I got off at the Marble Arch station and walked along Oxford Street for a bit. The buildings on either side of the road primarily sell clothing, and the entire area was very busy. Saturday is the big shopping day. I’d rather go during the evening on weeknights, but the vast majority of stores close at either 5 or 6 p.m. for some reason. It’s too bad, because I wake up kind of late, have classes until 5, and then everything is closed for the evening.

Primark is almost the Wal-Mart of the U.K., at least in terms of controversy. It sells clothing and some household items like bed sheets and curtains, and everything is suspiciously cheap. Of course, with my budget and the fact that the USD is horrible, it’s hard to resist. Primark sources its supply very cheaply and uses sub par materials for their products, I have read. It also ran into some trouble just earlier this summer when the BBC uncovered three garment manufacturing facilities in India subcontracted under Primark that were using child labor. Primark said it had no idea. It’s also gotten some publicity about poor workers’ rights.

Everything else on Oxford Street was too expensive for me. I also stopped into a bookstore and bought a few travel guides on the countries I’m thinking of visiting for fall break, France, Germany and Switzerland.

The people in the flat below us had a note delivered to our flat, complaining about noise. But rather than the type of noise you’d think of somewhere like a house on Ackerman Ave. emanating, they referred only to a specific incident where someone in the house dropped a pair of shoes on the ground, and how they can also sometimes hear us treading down our corridor. They ended their note by suggesting we purchase softer shoes like slippers so as to help us quiet down.

None of us were particular happy about this, mostly because they’re being ridiculous. We’re all trying very hard to keep the noise down, conscious already about Americans having a reputation of being loud and obnoxious. I don’t know what their problem is.

Finding a Place to Live

Royston Graham of Graham Properties working in his office.

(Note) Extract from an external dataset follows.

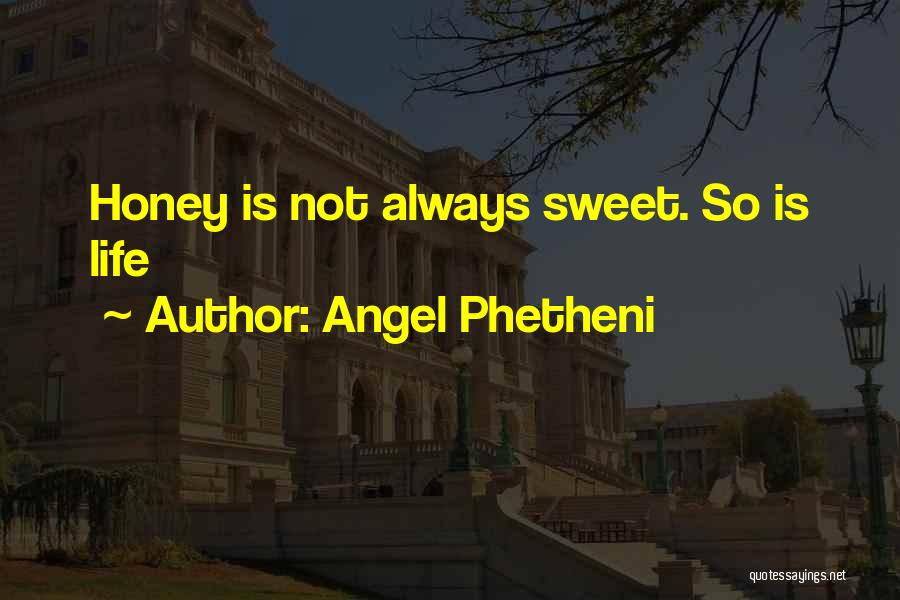 Angel Phetheni Quotes 555459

We found a relatively amazing place to live for the semester. At £130, or at about $233 per week, we will be living in a flat in Paddington called St. Mary's Mansion. If the fact that we live in a mansion wasn't cool enough, we also live on a street called St. Mary's Terrace. It's good to get out of the hotel, and it's a huge load of all our chests to have found a place, even though the price is a bit steep. Luckily, the price is within our per diem that SU is alloting, or rather returning to us. It's in a nice location by a section called Little Venice.